Given this definition, all I really want is code that will search for ExtractFrom instances and give me a dictionary:

{
    "a": ExtractFrom("x", 1),
    "b": ExtractFrom("y", 2),
    "c": ExtractFrom("c", 3),
}

I feel like I must be over thinking this and missing something obvious.

mdrissi · January 3, 2024, 9:37pm

Required/NotRequired are two things that may wrap Annotated. There are a couple more. Final/ClassVar are also allowed to wrap annotated. Upcoming ReadOnly will be another. There was a time where Annoatated[Final[int], ...] was rejected but Final[Annotated[int, ...]] worked. There was an issue to allow Annotated to stay top most so for recent python versions I think you could require Annotated is top level although nested Annotated also is valid. What do you want to do if Annotated[Annotated[Final[int], ...], ...]).

I’m unaware of better way then get_origin/get_args and writing helpers that recursively normalize/adjust. I mostly just strip Required/Final/ClassVar away when trying to find annotated metadata.

As a note your definition c: Annotated[ExtractFrom("z", 3)] is invalid for type checkers. Annotated must have 2+ arguments where first is a type.

couling · January 3, 2024, 10:32pm

Thanks for confirming my fear that there are others and will be more.

As I pointed out, the problem with this is that you need to know the definitive list of these. Let’s call them “meta annotations” (I don’t see a name for them). When I’m recursing through them, I need to know when I’ve reached the bottom.

That is to say if I get to foo = Required[] then I should recurse in foo = get_args(foo)[0]. However, if I get to foo == list[] I should stop recursing.

But how can I possibly write an if statement like that? The list of “meta annotations” is growing with each version of python and I can’t know every type. So in context of this if statement there is no difference between list[] and Required[] that will not age out with every new version of python.

These are flattened by the runtime and the equivilence is specified in PEP 593

Nested Annotated types are flattened, with metadata ordered starting with the innermost annotation

However you are right that it’s possible to construct something that isn’t flat:

Annotated[Required[Annotated[int, "a"]], "b"]

Oops. I’ve edited to correct the typo.

Daverball · January 3, 2024, 10:36pm

I wouldn’t worry about enforcing correct nesting yourself, that way you don’t actually need to know which special forms can contain an Annotated and which ones don’t. Type checkers and linters will catch incorrect nestings for you.

So you just keep recursing until you get an empty tuple back from get_args and pick up all the instances of Annotated along the way.

Or you could just be pragmatic and force users of your library to always use an outermost Annotated, you don’t have to be nice and support absolutely everything, there’s various other restrictions to runtime annotations anyways, such as not supporting type checking only symbols in forward references unless you somehow inject those yourself into globals/locals.

mdrissi · January 3, 2024, 10:49pm

If you do this you’ll need a minimum python version. 3.11 is earliest version to allow Annotated at top as it was fixed here.
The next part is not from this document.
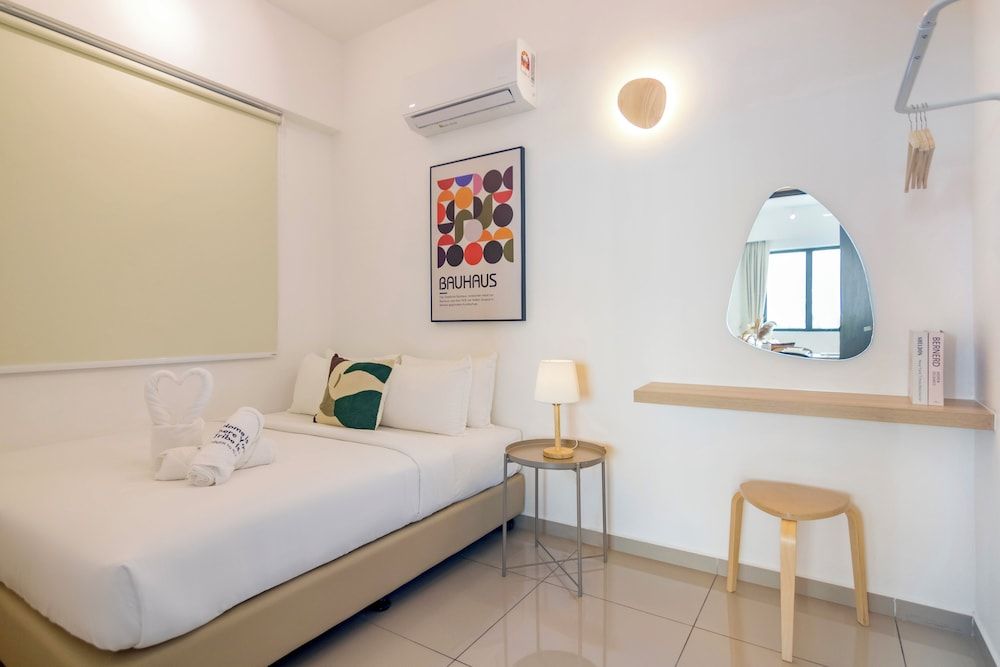 MARC Co - Living Comfort Apartment, 3 Bedrooms, Non Smoking, City View 8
If you support 3.9/3.10 you’ll need to handle Final[Annotated[…]] or just forbid Final being used with Annotated.

This is fair restriction just noting it as my current codebase is 3.9 and deals with this stuff.

edit:

But how can I possibly write an if statement like that? The list of “meta annotations” is growing with each version of python and I can’t know every type. So in context of this if statement there is no difference between list[] and Required[] that will not age out with every new version of python.

I think it’s reasonable to have ~annual small update adding a new special form when needed and just specify which forms are supported. I think most runtime type checkers will specify which various special forms they support and it’s normal that newest forms may take some time to handle.
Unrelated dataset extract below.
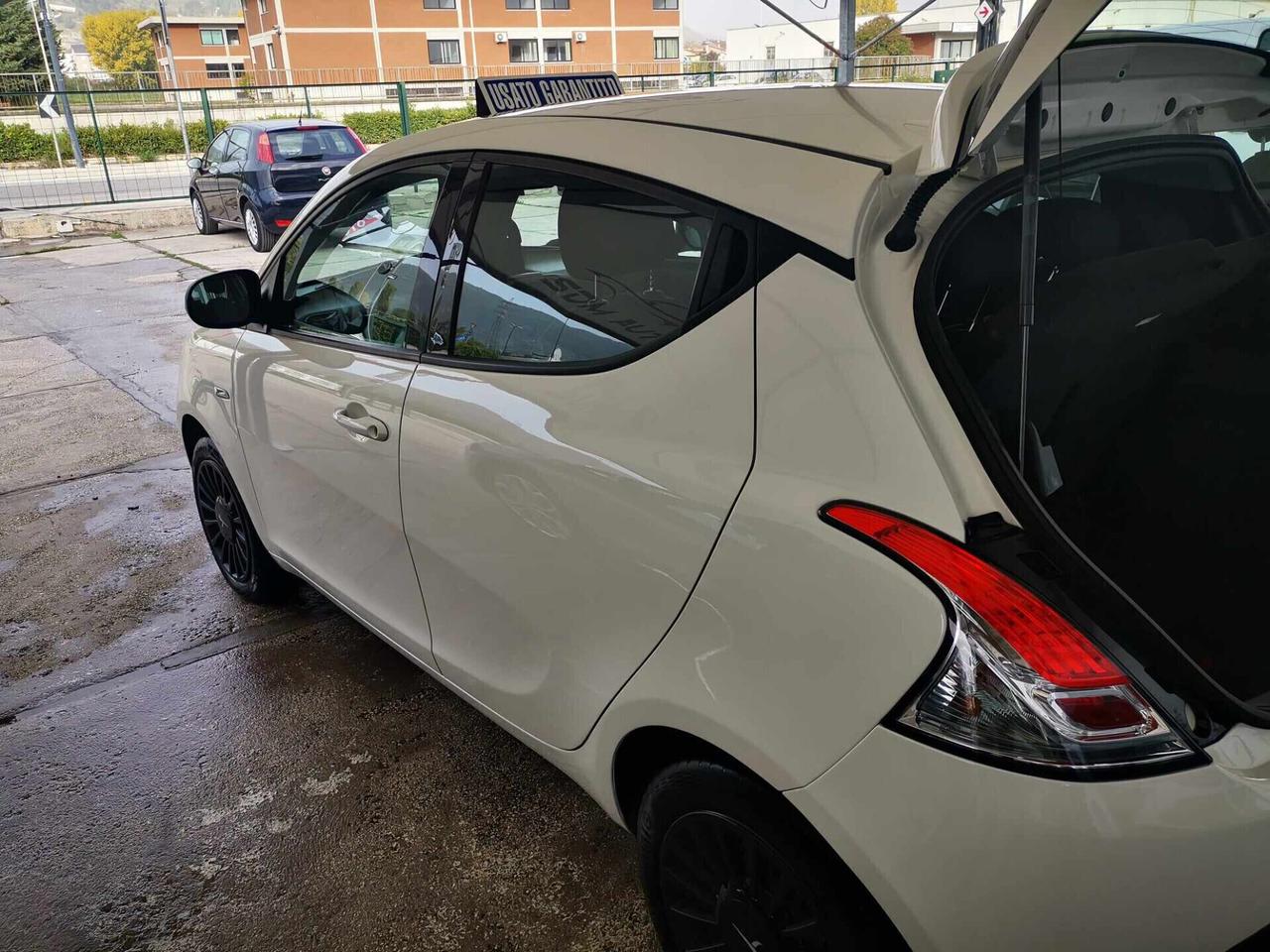 Lancia Ypsilon 1.2 69 CV 5 porte Gold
couling · January 3, 2024, 10:54pm

It feels strange to me that, given the original intention of Annotated, there isn’t a built in helper to handle this type of logic. If the helper were built in, it could be maintained along with addations from new PEPs.

mdrissi · January 3, 2024, 11:13pm

At moment standard library provides core typing constructs. Runtime typing is a supported use case, but is mainly done outside standard library. So most of these utilities live in individual runtime type tools. And runtime typing is relatively new and still somewhat unstable. My experience upgrading python versions is most likely place where I’ll see interesting behavior changes/tests fail is related to runtime type manipulation. I try to keep most of my code to public apis, but there are few places (forward ref evaluation/manipulation) that need it or just interesting behavior changes.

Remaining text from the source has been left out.